## Required action
Pictures stay out of the copy, and everything else in the data below is repeated exactly.

## Given material
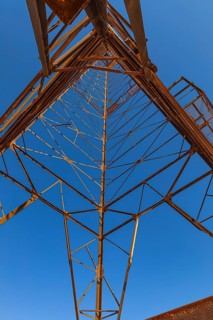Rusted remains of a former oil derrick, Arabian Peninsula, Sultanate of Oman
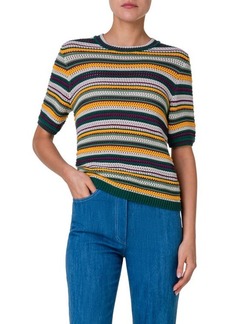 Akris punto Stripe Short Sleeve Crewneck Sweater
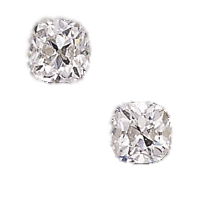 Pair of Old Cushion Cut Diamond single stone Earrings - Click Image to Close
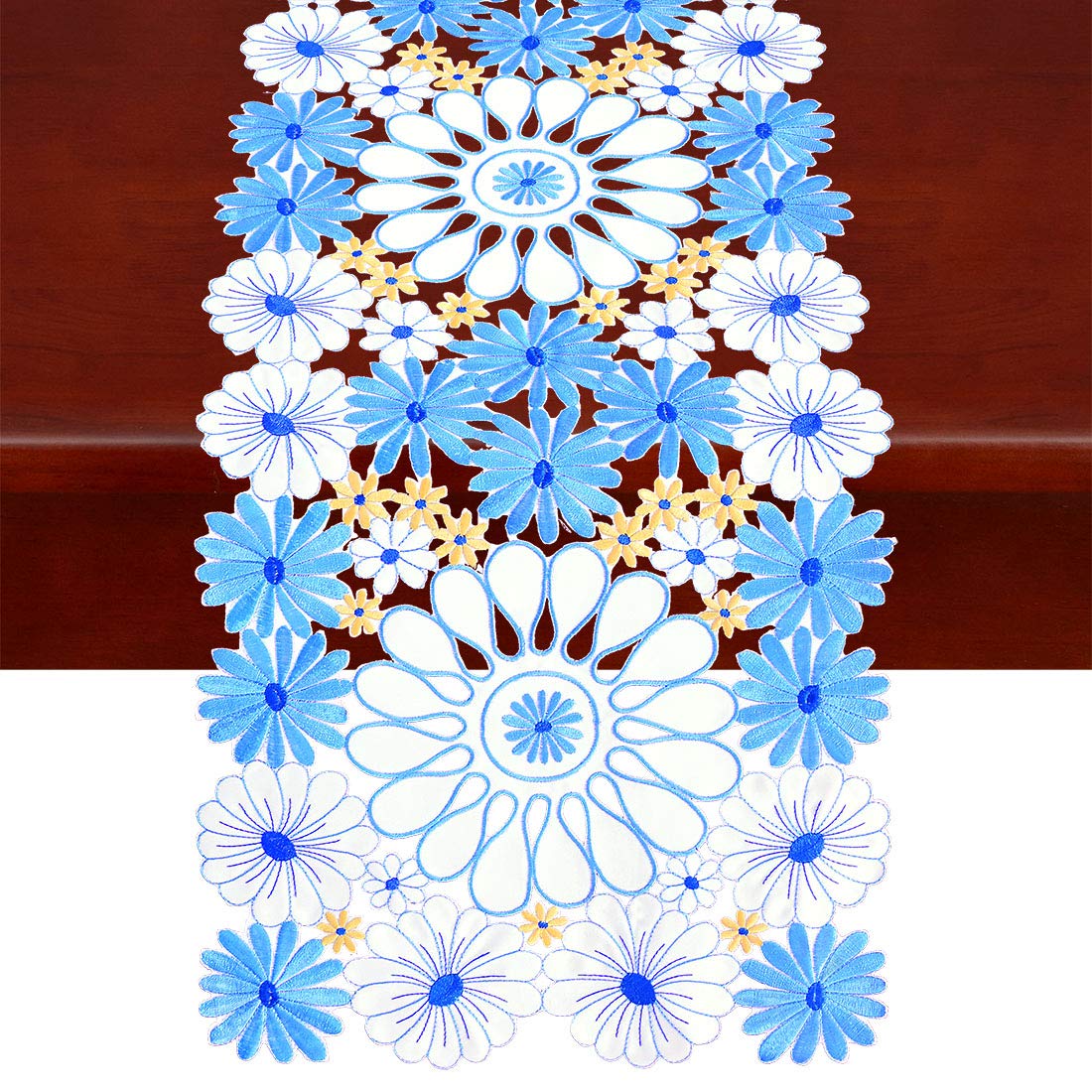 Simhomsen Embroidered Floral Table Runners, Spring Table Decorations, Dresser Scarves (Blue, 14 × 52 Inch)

## Answer to this exercise
Rusted remains of a former oil derrick, Arabian Peninsula, Sultanate of Oman
 Akris punto Stripe Short Sleeve Crewneck Sweater
 Pair of Old Cushion Cut Diamond single stone Earrings - Click Image to Close
 Simhomsen Embroidered Floral Table Runners, Spring Table Decorations, Dresser Scarves (Blue, 14 × 52 Inch)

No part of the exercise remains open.